### Information provided
BEGIN

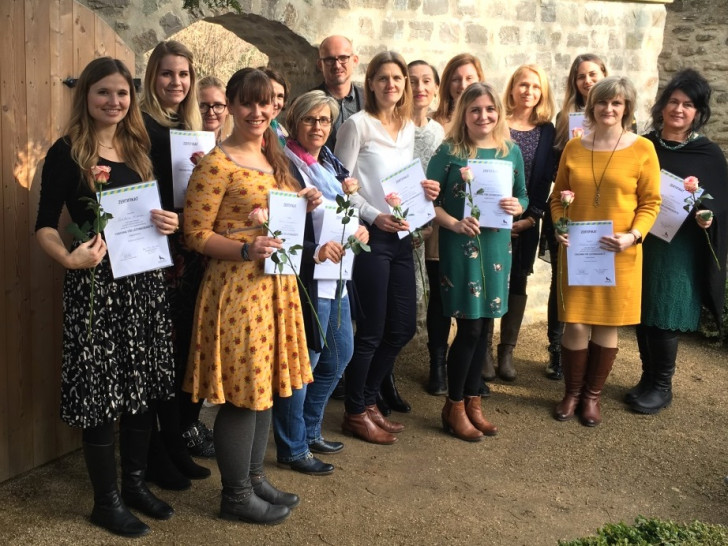 Die Teilnehmenden und Trainerinnen der Weiterbildung "Coaching für Leitungskräfte" feierten den erfolgreichen Abschluss im Kloster Drübeck. Foto: Stadt Wolfsburg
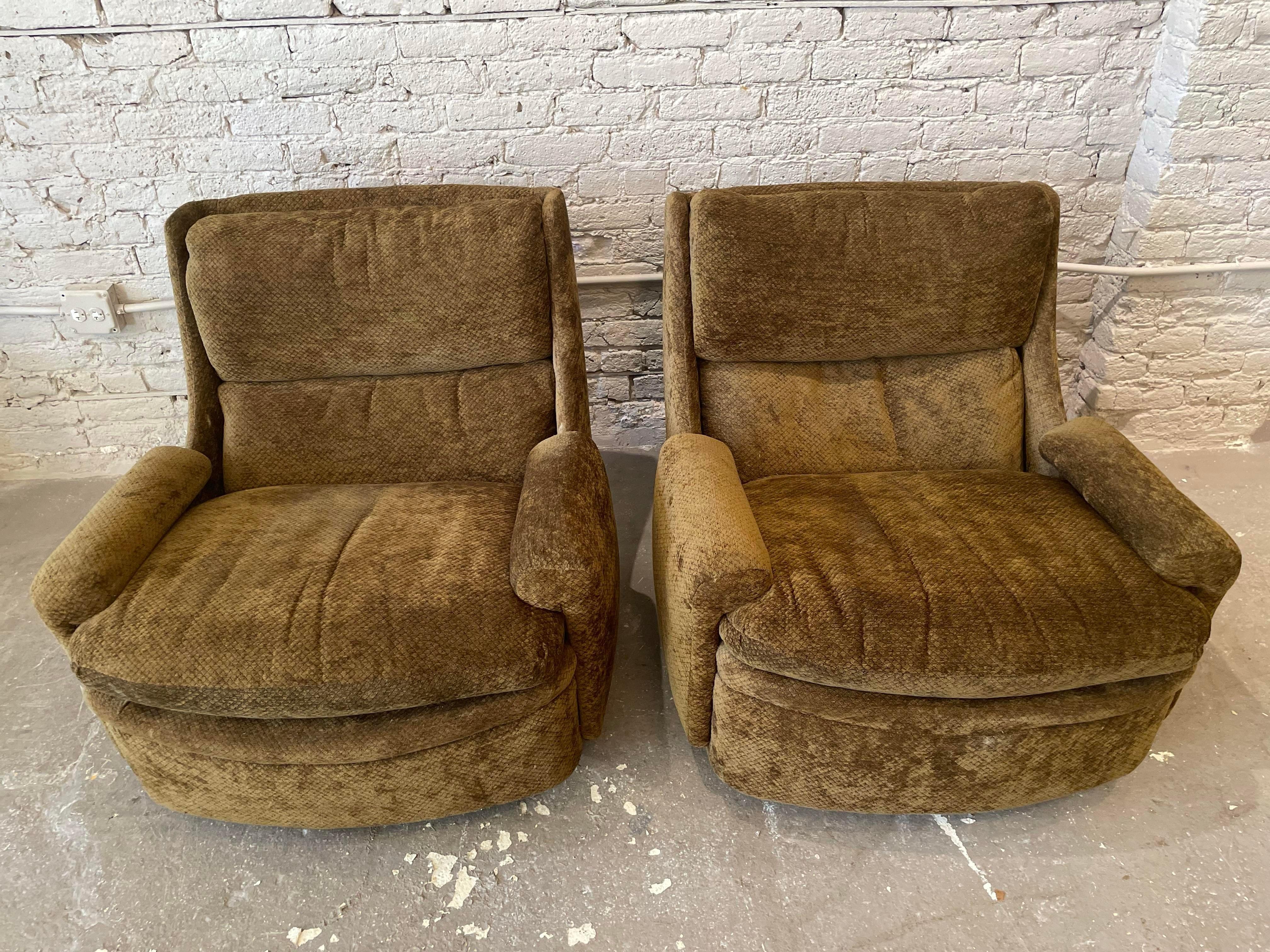 Late 20th Century 1980s Postmodern Sculptural Arc Chairs - a Pair For Sale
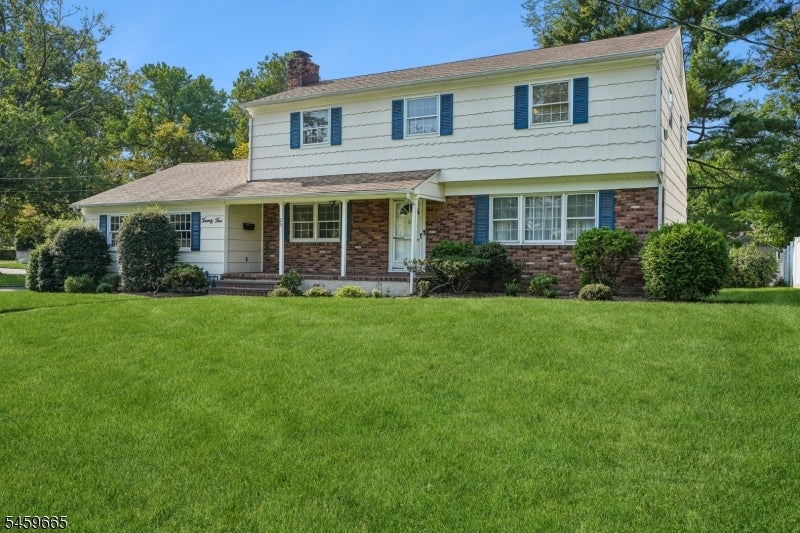 25 MANCHESTER DRIVE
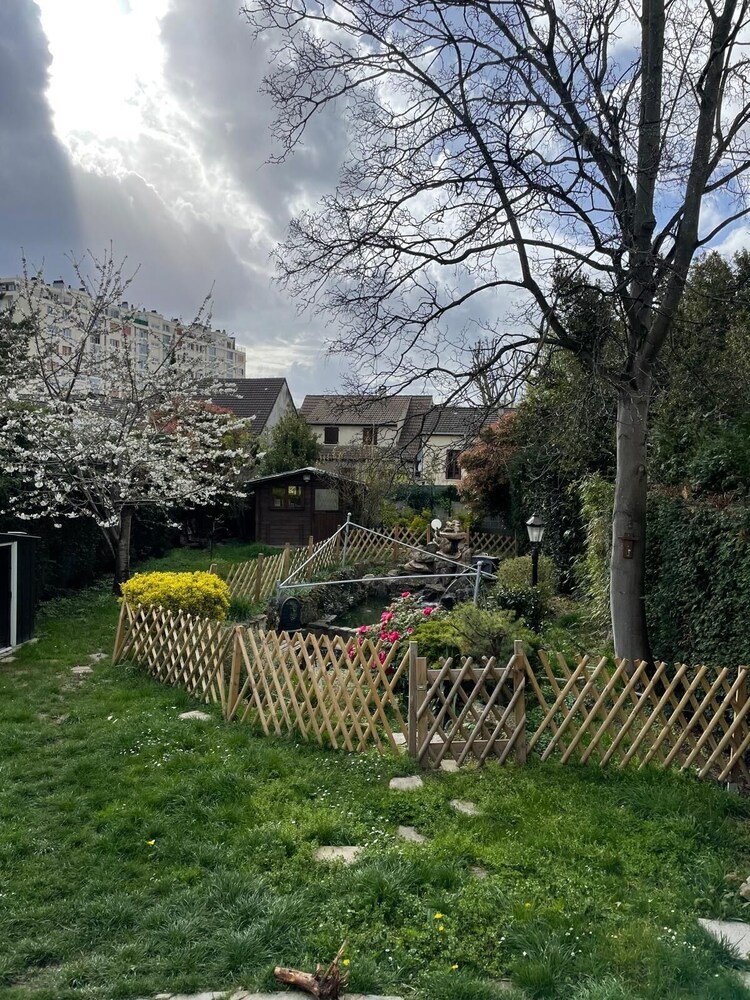 Grande Maison Avec Jardin, Chambre D'hôtes au Blanc-Mesnil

END

### Problem details
Every line from the top of the material above through the line with "25 MANCHESTER DRIVE" should be duplicated exactly, please; leave out the pictures.

### Solution to this problem
 Die Teilnehmenden und Trainerinnen der Weiterbildung "Coaching für Leitungskräfte" feierten den erfolgreichen Abschluss im Kloster Drübeck. Foto: Stadt Wolfsburg
 Late 20th Century 1980s Postmodern Sculptural Arc Chairs - a Pair For Sale
 25 MANCHESTER DRIVE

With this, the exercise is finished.